3 minuten leestijd Verloning zelfstandige 03 februari 2017

Sinds 1 januari 2017 kunnen studenten die een zelfstandige activiteit uitoefenen, het statuut van student-zelfstandige aanvragen. De regering wil zo het ondernemerschap bij jonge studenten bevorderen. Maar ook onder het nieuw statuut gelden regels zodat de jongeren hun recht op kinderbijslag niet verliezen.

Nieuw statuut

Zelfstandigen tussen 18 en 25 jaar oud kunnen het statuut van student-zelfstandige aanvragen. Ze moeten wel ingeschreven zijn in een onderwijsinstelling waar ze op regelmatige basis les volgen met de bedoeling om een diploma te behalen dat erkend wordt in België. Het nieuw statuut komt in de plaats van de bestaande bijdrageregeling, gekend onder artikel 37 voor studenten.

Categorieën

Afhankelijk van het netto belastbaar inkomen, moet de student-zelfstandige al dan niet sociale bijdragen betalen. Er bestaan drie categorieën:

  • De student-zelfstandige moet geen sociale bijdragen betalen als het inkomen lager ligt dan de helft van de minimumdrempel van een zelfstandige in hoofdberoep (minder dan € 6.648,12 in 2017).
  • Ligt het inkomen in 2017 tussen € 6.648,12 en € 13.296,25 dan betaalt de student-zelfstandige een sociale bijdrage van 21% op het stuk inkomen dat hoger ligt dan € 6.648,12.
  • De student-zelfstandige die in 2017 meer dan € 13.296,25 verdient, betaalt sociale bijdragen zoals elke zelfstandige in hoofdberoep.

Wat met kinderbijslag?

Een student-zelfstandige moet zich aan bepaalde regels houden als hij of zij het recht op kinderbijslag niet wil verliezen. Die regels zijn afhankelijk van de norm waaronder de student valt. 



240-urennorm 

Een voltijdse student die als zelfstandige werkt, of iemand die als zelfstandige werkt naast zijn stage in het kader van de ondernemersopleiding, mag maximum 240 uur presteren per kwartaal.
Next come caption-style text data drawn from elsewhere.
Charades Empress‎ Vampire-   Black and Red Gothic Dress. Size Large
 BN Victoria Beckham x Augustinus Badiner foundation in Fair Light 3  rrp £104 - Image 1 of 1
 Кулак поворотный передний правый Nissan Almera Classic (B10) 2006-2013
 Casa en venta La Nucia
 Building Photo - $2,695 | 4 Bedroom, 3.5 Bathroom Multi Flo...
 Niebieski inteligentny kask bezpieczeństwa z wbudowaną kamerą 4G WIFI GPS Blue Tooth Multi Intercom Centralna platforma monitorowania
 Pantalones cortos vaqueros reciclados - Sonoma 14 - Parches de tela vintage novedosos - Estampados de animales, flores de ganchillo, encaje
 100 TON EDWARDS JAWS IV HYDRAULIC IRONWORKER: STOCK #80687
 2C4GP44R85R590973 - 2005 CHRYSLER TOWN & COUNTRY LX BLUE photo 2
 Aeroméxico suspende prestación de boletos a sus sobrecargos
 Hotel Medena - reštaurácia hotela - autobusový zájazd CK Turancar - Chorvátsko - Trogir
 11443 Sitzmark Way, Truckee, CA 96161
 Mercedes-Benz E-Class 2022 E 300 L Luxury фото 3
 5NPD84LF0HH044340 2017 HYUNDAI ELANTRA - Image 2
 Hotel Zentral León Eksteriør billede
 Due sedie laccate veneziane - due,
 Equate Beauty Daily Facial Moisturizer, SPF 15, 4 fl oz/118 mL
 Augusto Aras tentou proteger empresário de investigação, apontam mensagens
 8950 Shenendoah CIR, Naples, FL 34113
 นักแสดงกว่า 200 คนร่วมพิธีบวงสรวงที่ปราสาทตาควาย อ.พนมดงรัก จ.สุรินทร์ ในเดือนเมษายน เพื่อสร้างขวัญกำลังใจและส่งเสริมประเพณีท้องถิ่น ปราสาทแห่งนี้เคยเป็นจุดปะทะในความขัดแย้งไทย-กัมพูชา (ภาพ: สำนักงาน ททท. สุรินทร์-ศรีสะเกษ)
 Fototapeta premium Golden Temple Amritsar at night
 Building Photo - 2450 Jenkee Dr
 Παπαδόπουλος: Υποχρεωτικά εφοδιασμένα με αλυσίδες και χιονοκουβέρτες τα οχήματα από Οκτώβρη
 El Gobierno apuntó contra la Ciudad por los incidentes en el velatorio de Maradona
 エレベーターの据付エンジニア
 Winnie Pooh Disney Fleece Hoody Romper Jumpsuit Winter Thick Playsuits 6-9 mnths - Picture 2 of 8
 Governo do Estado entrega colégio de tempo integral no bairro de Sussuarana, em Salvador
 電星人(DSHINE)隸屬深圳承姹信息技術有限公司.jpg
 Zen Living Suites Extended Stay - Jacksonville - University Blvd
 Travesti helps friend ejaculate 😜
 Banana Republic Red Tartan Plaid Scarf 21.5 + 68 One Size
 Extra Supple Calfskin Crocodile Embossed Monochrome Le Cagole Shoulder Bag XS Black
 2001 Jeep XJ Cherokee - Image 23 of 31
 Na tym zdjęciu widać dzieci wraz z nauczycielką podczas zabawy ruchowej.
Om te bepalen of een student-zelfstandige, die onder bovenstaande categorie valt, recht heeft op kinderbijslag, maakt uw kinderbijslagfonds volgend onderscheid:

  • Als het inkomen van de student-zelfstandige in 2017 lager ligt dan € 6.648,12, vermoedt het kinderbijslagfonds dat de 240 uren niet overschreden werden. Wanneer de kruispuntbank uw fonds daarover inlicht, wordt de kinderbijslag zonder onderbreking uitbetaald.

  • Als het inkomen van de student-zelfstandige in 2017 hoger ligt dan € 6.648,12, zal het kinderbijslagfonds de betalingen opschorten en moet de student een verklaring op eer afleggen over het aantal uren die hij per kwartaal werkte. Als blijkt dat de student toch niet meer dan 240 uren per kwartaal heeft gewerkt, blijft hij het recht op kinderbijslag behouden. Werkte de student toch meer dan 240 uur per kwartaal, verliest hij zijn recht op kinderbijslag.

Inkomensnorm

Als de student-zelfstandige deeltijds onderwijs volgt of een werkzoekende schoolverlater is, geldt de inkomensnorm. Dat wil zeggen dat zijn of haar brutoloon, sociale uitkering, of een combinatie van beide niet hoger mag liggen dan € 530,49 per maand. Dat geldt ook als de student een stage volgt in het kader van een ondernemersopleiding of een overeenkomst heeft binnen een alternerende opleiding. In al deze gevallen vraagt uw kinderbijslagfonds sowieso een verklaring op eer over het inkomen.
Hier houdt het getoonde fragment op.